Still. Only a matter of time, right? It seemed he only had to knock against a pillow to shatter a bone.

He quirked his eyebrows as Danny pulled his own copy of A Concise Dictionary of Middle Egyptian out of his medical bag, surprised for the second time in as many minutes. Thoth wasn’t aware that anyone at the academy or the castle taught the ancient language, and there weren’t many ‘teach yourself’ books available. He had most of them himself, hoarded in his bedroom. As well as giving him pause, the sight of the book stirred the sense of abandonment he’d been feeling since he’d lost his magic. Thoth was, had always been, a lonely child; he had given up trying to make friends amongst other fairies at around the time he gave up on the good nature of people, and when he realised that his own likeability was zero. The necessary social bonds required by fairies (which were, after all, pack animals by instinct) he forged with animals, who had now all gone deathly quiet in the absence of magic. His inability to communicate with his friends, at a time when he was being continually isolated from society by being hauled back into hospital whenever he slipped on a stair, left him feeling more cut off than ever.
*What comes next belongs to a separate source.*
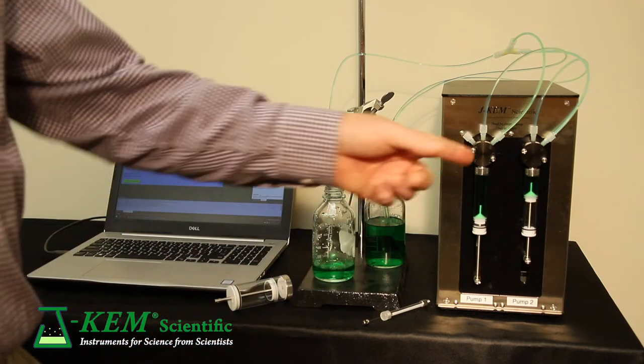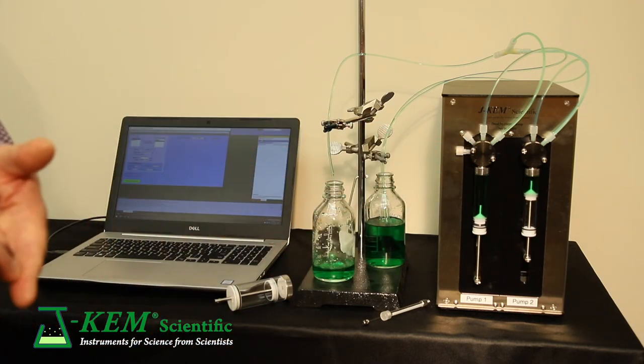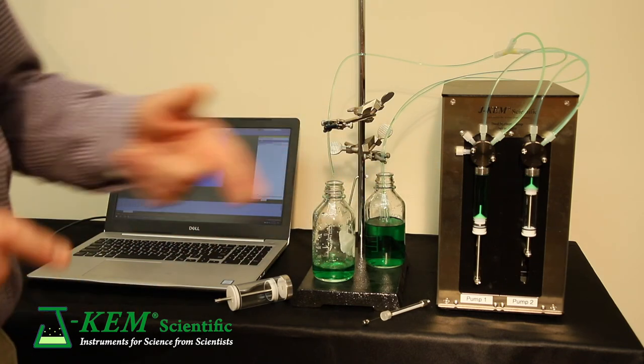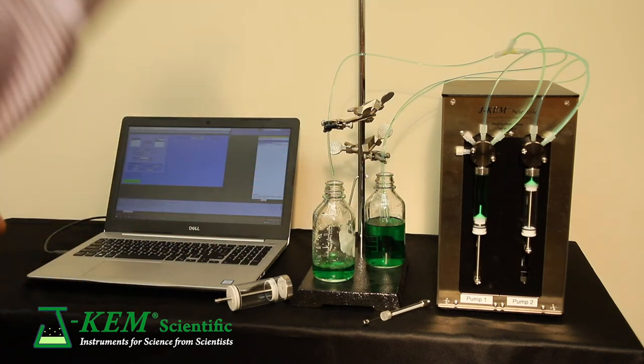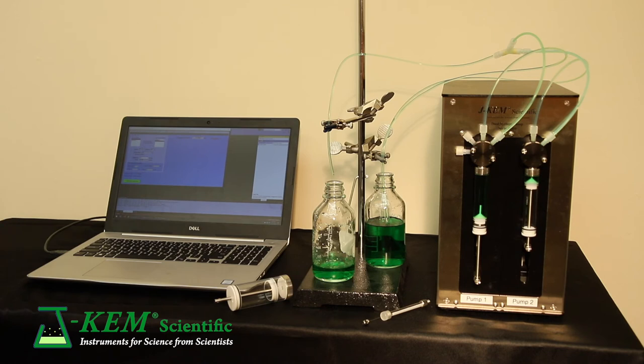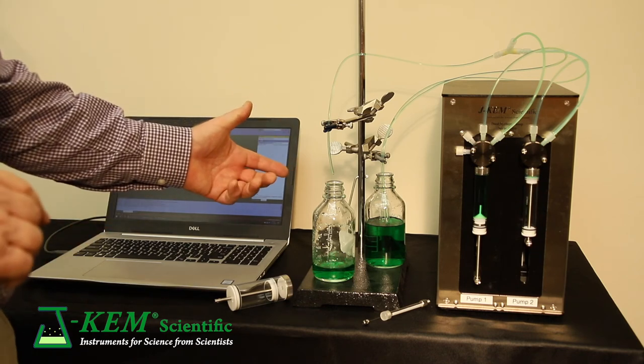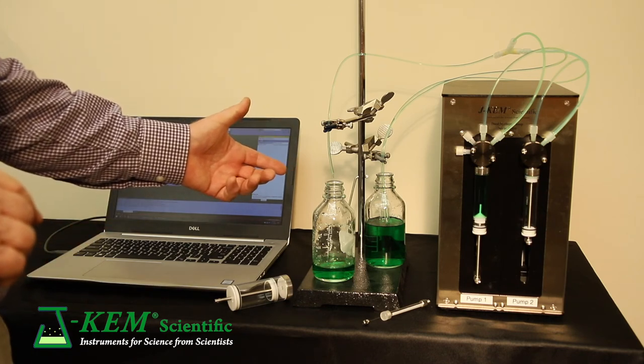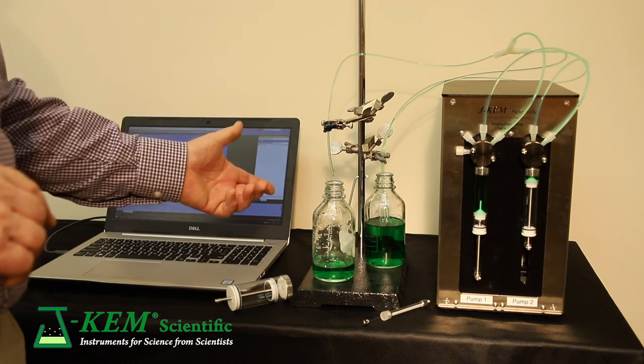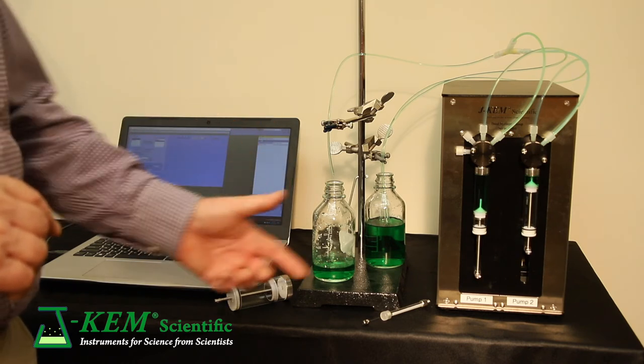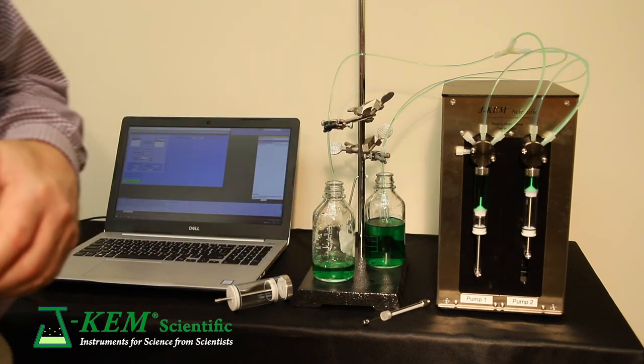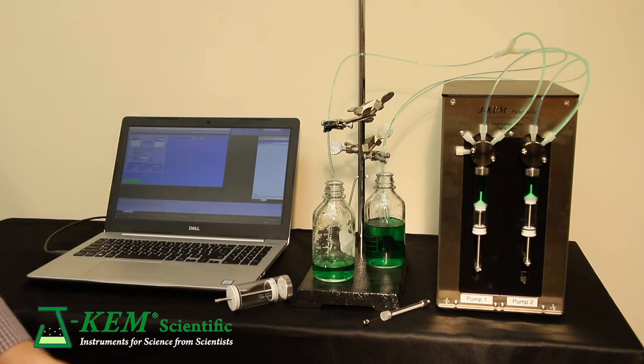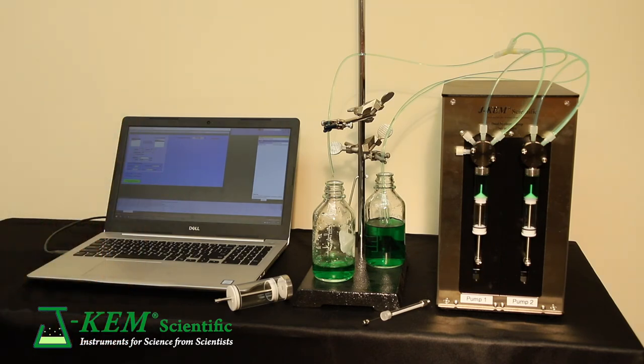And then while syringe two is delivering, syringe one refills. And in this case, as soon as syringe two is empty, you'll see there's no break in delivery. Syringe one starts to deliver. And this reciprocating syringe action can continue for as long as you need.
In spite of the pain, he shrugged again when Danny spoke. “I can sleep when I’m dead,” he responded flatly. After a moment he added with somewhat more affability, “you progressed from birds to people quickly.”

He was vaguely aware that Danny was different, somehow, but couldn’t put his finger quite on what. Thoth never noticed how other people looked and wasn’t socially adept enough to understand complex facial expressions. He did, however, sense that something was wrong. Perhaps it was an affinity with the type of wrongness. Thoth shifted slightly in his bed, not quite sure whether he was supposed to do something or what he should do, or even if he was misinterpreting what he was seeing. He understood Tristan’s emotions and what to do about them, but not really anyone else’s.

“That’s Morveren,” he told the tiger when he snuffled the little aqua-fox, for lack of knowing what else to say or do. “She’s my familiar. You didn’t meet her before. Try not to wake her up because you’ll probably regret it if you do.”